How Your Brain Controls Your Attention - dummies

How Your Brain Controls Your Attention

By Marilee B. Sprenger

Some people believe that great leaders must have impressive higher thinking skills. In reality, if you want to be a leader — the sort of manager that people admire — you need to use your entire brain. Believe it or not, even the basest survival-oriented section of your brain can make you into a better manager.

The reticular activating system (RAS) is the portal through which nearly all information enters the brain. (Smells are the exception; they go directly into your brain’s emotional area.) The RAS filters the incoming information and affects what you pay attention to, how aroused you are, and what is not going to get access to all three pounds of your brain.

For survival’s sake, your RAS responds to your name, anything that threatens your survival, and information that you need immediately. For instance, if you’re looking for a computer file that you’re sure you placed on your desk, your RAS alerts your brain to search for the name of the file — Andrews vs. State of Illinois, say — or focus on one word in the filename to help you find it.

The RAS also responds to novelty. You notice anything new and different. For leadership purposes, this includes anything out of the ordinary in day-to-day activities within your organization, attending to changes in your employees relative to production, mood, and interactions with others.

Your RAS is a great leadership tool. It is your radar detector. As long as you don’t bog it down with your own personal issues, it will work for you. Program your thoughts each morning by doing the following:

  • Take care of your personal issues. If you’re concerned about your child’s behavior, for example, devise a plan to deal with it. Make sure your plan includes an appropriate time that you can put your plan into action. And then put the issue on the back burner until you can act on it.
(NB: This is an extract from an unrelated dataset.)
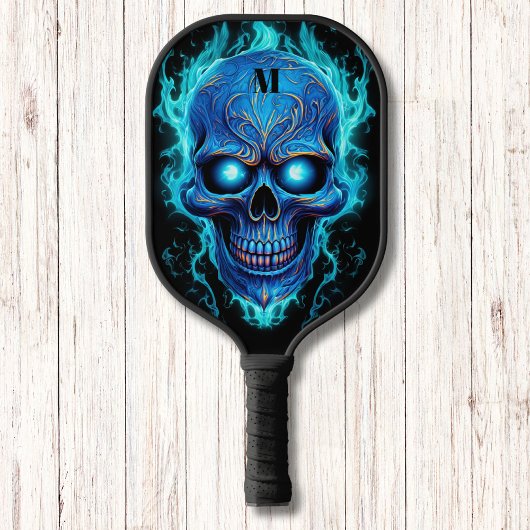Blauwe Schedel met Blauwe Vlammen Modern Monogram Pickleball Paddle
  • Read over your long-term goals. Make sure they’re still pertinent to your vision. Change, delete, or add goals as necessary.
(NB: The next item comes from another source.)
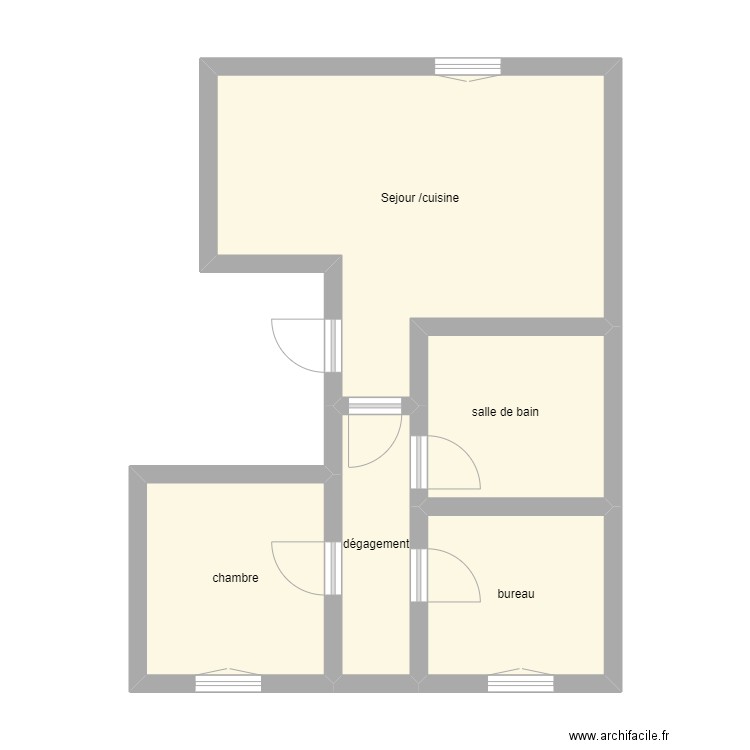 1044. Plan de 5 pièces et 46 m2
  • Read or create your short-term goals. Determine the timeline for each. Change them according to current needs, trends, and modifications in your mission or vision.

Make sure that the last list you look at is your list of short-term goals; your RAS helps you keep them in mind. Even when you don’t realize you’re thinking about these goals, your brain knows that they’re important and makes note of anything that might relate to them.